Two months into the fiscal FY22 and three months since the release of the second advance estimate of GDP for FY21, it is now apparent with the second Covid wave that the economy’s nascent, pigeonholed recovery from the trough seen in the first quarter of last fiscal has been disrupted again. The timing and extent of the pullback are still being unfolded — today’s data for Q4FY21 will provide more hints on it.
With labour wage growth lagging return on capital, consumption recovery is impeded. The policymakers seem to have erred in anticipating a broad-based investment-led recovery.
Weighed down by a heavy debt burden caused by several quarters of augmented spending unmatched by non-debt receipts, the general government has limited medium-term options. Other engines of the economy need to start firing sooner rather than later, but that has been wishful thinking for quite some time.
A front-loading of budgetary expenditure and CPSE capex appears to be the government’s short-term plan to salvage the situation.
The March quarter may come on a par with or slightly better than the National Statistical Office’s (NSO) last estimate – it had predicted gross value added (GVA) expansion of 2.5% in Q4FY21, though the GDP was seen contracting by 1.1% due to back-ended release of subsidies. Icra and SBI Ecowrap recently predicted a slightly better Q4. The GVA and GDP had grown at 1% and 0.4%, respectively, in Q3FY21, regaining some lost steam after two straight quarters of deep contraction.
However, the current quarter, shattered by the savage second wave of the pandemic, would have the benefit of just a very favourable base, not much else. And uncertainty looms large in the path ahead, with Covid spread not being contained expeditiously and the vaccination pace being disconcerting. Economy’s long-term growth potential is significantly impaired.
As the charts show, the downward slide of the economy turned sharper since FY19. The last two years were precipitous, with the pandemic accentuating the fall. As almost all pillars of the economy, with the exception of agriculture, have borne the brunt, a fiscally stressed government has stood guard with limited success.
To be candid, key sectors like construction, trade, transport, manufacturing and mining will likely remain the worst affected ones in FY22 too, as in FY21. The Centre’s tax buoyancy will likely be much lower than 1.2 assumed in the Budget, and its non-tax revenue and non-debt capital receipts (privatisation and asset monetisation) could also need sharp downward revisions. DK Srivastava, chief policy adviser at EY, sees a total shortfall of `2.3 lakh crore in the Centre’s total non-debt receipts from the budgeted level. Even this could turn out to be optimistic.
Moreover, despite the guaranteed growth in goods and services tax (GST) revenue, states governments may face acute revenue constraints; they will likely rein in capex in the current fiscal year as well, as they did in the last couple of years.

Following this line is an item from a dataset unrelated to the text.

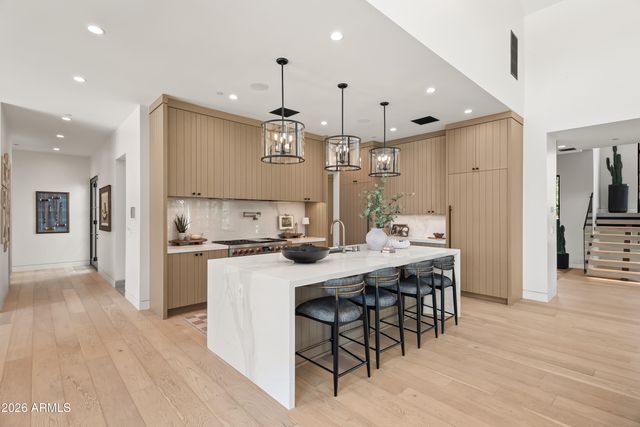 5715 E MONTEROSA Street, Phoenix, AZ 85018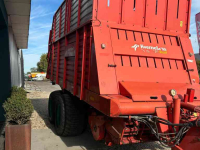 Autochargeuse Kverneland Taarup 470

In its last policy meeting in early April, the Reserve Bank of India (RBI) said GDP growth could jump to 26.2% in the first quarter of FY22, driven primarily by a conducive base. However, this forecast for Q1FY22 was issued before the full fury of the second wave of the pandemic and may undergo substantial revision.
The key to regaining the growth momentum is to spur consumption growth. The government would do well to augment income transfers to the low-income population and take steps to increase the disposable income of the middle class. Available data, however, signal that consumption growth would pick up only modestly in the near term, as wary households choose to bolster savings buffers that have been drained over the past year. The worst affected, of course, are those employed in the informal manufacturing and services sectors besides the self-employed.
The second Covid wave struck the economy when industrial output jumped 22.4% in March, reversing two months of contraction, but driven primarily by a favourable base (it had shrunk 18.7% in March 2020 due to a lockdown). Electricity demand also saw a sharp recovery in March-April partly because lockdown led to increased household consumption. But manufacturing PMI hit a seven-month low in March, while services PMI, too, lost momentum.
Non-food credit growth remained subdued, having fallen to 4.9% in March from 6.7% a year before. Though RBI was sanguine in its latest annual report about credit demand and supply and noted that “banks would have sufficient capital at the aggregate level even in a severe stress scenario”, a prolongation of the Covid wave could be a spoiler.
After a rollercoaster ride up to February last fiscal in the wake of the pandemic, merchandise exports surged a record 196% year-on-year in April, thanks to a conducive base. Exports in April stood at $30.6 billion, up almost 18% from the same month in 2019 (before the pandemic struck), mainly on the back of improved order flow.
Industrial output and exports are expected to be aided by favourable base effect in June quarter as well. But as the RBI pointed out, “even though India’s merchandise exports and imports show nascent signs of recovery, the worsening global trade environment due to resurgence in Covid-19 infections may impinge upon external demand”. Production-linked incentive (PLI) schemes, aimed at incentivising domestic value addition and large capacity creations, may take time to yield results.